# Composer Einojuhani Rautavaara dies aged 87



## Mika (Jul 24, 2009)

Einojuhani Rautavaara has died. He was maybe the greatest living Finnish composer. Who will take the lead next? Magnus Lindberg?


----------



## Xenakiboy (May 8, 2016)

Well that ruined my day 
One of my many favourite composers, who's music has meant so much to me. I'm not going to give a eulogy right now but it comes as a shock, considering I was listening to his Etudes earlier today in between working on a score and didn't know until now. Many of his works have had a large impact on me, but I'm thankful for the blessing he has given us.


----------



## Art Rock (Nov 28, 2009)

A sad loss. RIP.


----------



## GioCar (Oct 30, 2013)

Tonight I'll play his "Brucknerian" symphony No.3 in his memory.

RIP


----------



## Xenakiboy (May 8, 2016)

I'll be adding to this and composing something for him but here are my own words from a post on June 24th:



Xenakiboy said:


> Rautavaara is not only incredible but I don't have words for what I feel when I hear his works. His clusters evoke really strong, deep feelings in me. I can't say there are many other composer that evoke anything like what Rautavaara does (though there are other composer I have reactions of awe to  ), it is POWERFUL! :angel::cheers:


----------



## Chronochromie (May 17, 2014)

May he rest in peace.



Mika said:


> Who will take the lead next? Magnus Lindberg?


I'd say Kaija Saariaho.


----------



## Mika (Jul 24, 2009)

Chronochromie said:


> May he rest in peace.
> 
> I'd say Kaija Saariaho.


Agree. Kaija is strong candidate.


----------



## Pat Fairlea (Dec 9, 2015)

Sad news, though at 87 he had a good long run at life. I'll put Cantus Arcticus on later - still trying to identify all the birds he used.


----------



## starthrower (Dec 11, 2010)

RIP So many prolific Finnsh composers to listen to, and I haven't really gotten into Rautavaara, with the exception of his Requiem, and brass works CD which I really enjoyed.


----------



## SONNET CLV (May 31, 2014)

*Einojuhani Rautavaara* has certainly been a favorite of mine for the past several years; I've collected recordings of many of his works and they have received regular rotations in my CD player. I love the symphonies (especially 3 and 5) and the Concerto for Birds. It's all rather interesting, and much is uniquely powerful and soul stirring. I had believed I would learn to spell and pronounce the composer's name correctly before he died; I won't get that opportunity. But ... the music remains, and I shall indulge in some of it this day.


----------



## Dr Johnson (Jun 26, 2015)

That probably explains why R3 was playing Cantus Arcticus when I was driving home.

RIP.


----------



## Nereffid (Feb 6, 2013)

Although Rautavaara doesn't necessarily count among my _favourites_, I have quite a lot of his music in my collection, stretching from 1951 to 2010, all of it worth repeated listening. And the _Cantus Arcticus_ is a "classic" for me. He will be missed.


----------



## Nereffid (Feb 6, 2013)

I've just noticed that Q2 Music will be playing a 12-hour Rautavaara marathon today at 4 PM (New York time), to be repeated on Saturday at 10 AM.

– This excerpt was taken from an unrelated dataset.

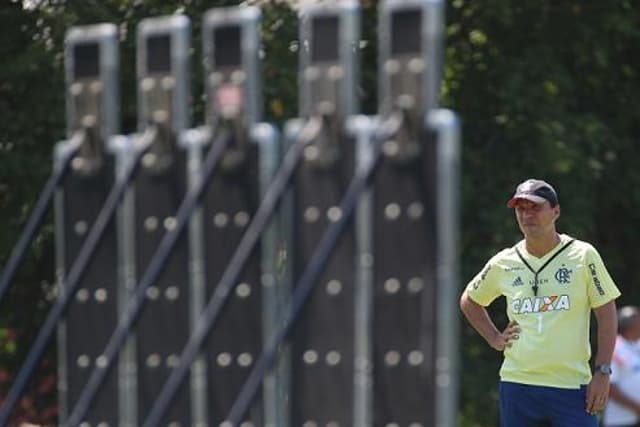 Zé Ricardo durante treino do Flamengo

http://www.wqxr.org/#!/story/encore-presentation-einojuhani-rautavaara-12-hour-marathon/


----------



## mstar (Aug 14, 2013)

I just saw this online - I was right in the middle of downloading some of his works! I can't believe this. 

I'm genuinely sad.


----------



## Huilunsoittaja (Apr 6, 2010)

Rautavaara actually wrote some flute music which I've never ventured to study. I may listen to that today, to study if it would be worth performing.

RIP, Lepää rauhassa


----------



## Janspe (Nov 10, 2012)

Although I've never been a huge fan of Rautavaara's music, I recognize the enormous influence he's had on the music culture here in Finland, and I've nevertheless always been interested in hearing his music in concerts. It's indeed sad that he's not among us anymore, but luckily he left us with a huge body of work to explore. Lepää rauhassa!


----------



## Azol (Jan 25, 2015)

Just learned of his passing while browsing the new poll thread. No doubts for me - he was a great composer.
I will be listening to Angel of Light this evening.
A sad day.
RIP


----------



## manyene (Feb 7, 2015)

Xenakiboy said:


> Well that ruined my day


And mine too: I had seen the DVDs of his operas Rasputin and Aleksis Kivi the week before, both great works with the composer's very sensitively written librettos


----------



## Skilmarilion (Apr 6, 2013)

Just listened to the mesmerising Seventh.

That soaring violin in the slow movement was, on this occasion, the _Angel_ taking him to the _Light_.


----------